- **Your instructions**: Print, exactly and with no pictures, the line containing "5122 Likini St" and each line after it to the end of the entries below.

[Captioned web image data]
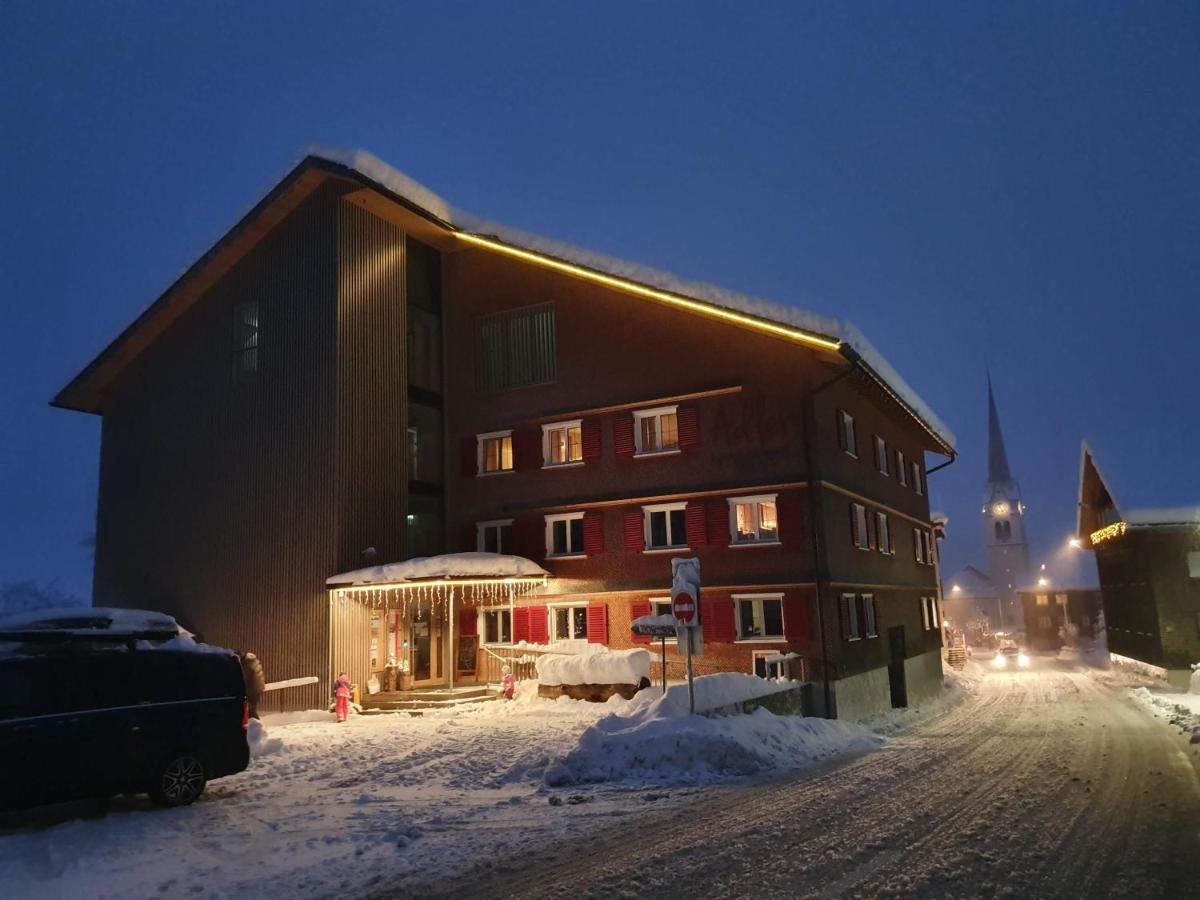 Familienhotel Adler Lingenau Exterior photo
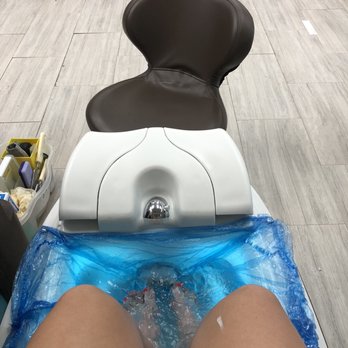 Posh Nail Lounge - Getting a Mani Pedi. They are Busy today. - Nail Salons Near Me - Texas City, Texas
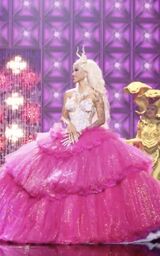 Look de 'Your Best Drag Eleganza'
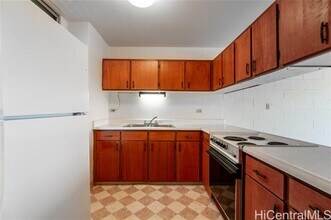 5122 Likini St in Honolulu, HI - Foto de edificio - Building Photo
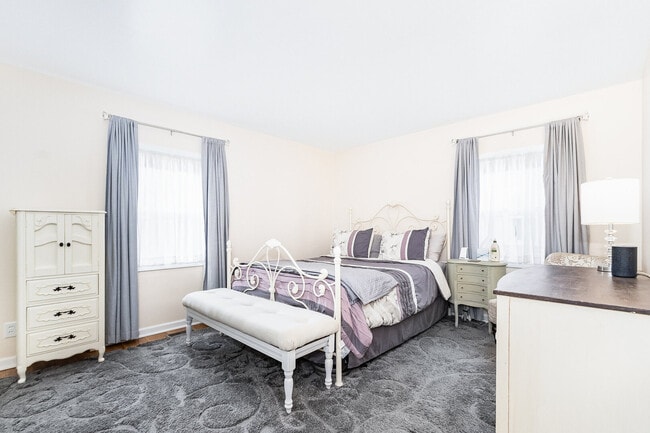 Building Photo - 531 Glen Ave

- **Reply to the exercise**:
 5122 Likini St in Honolulu, HI - Foto de edificio - Building Photo
 Building Photo - 531 Glen Ave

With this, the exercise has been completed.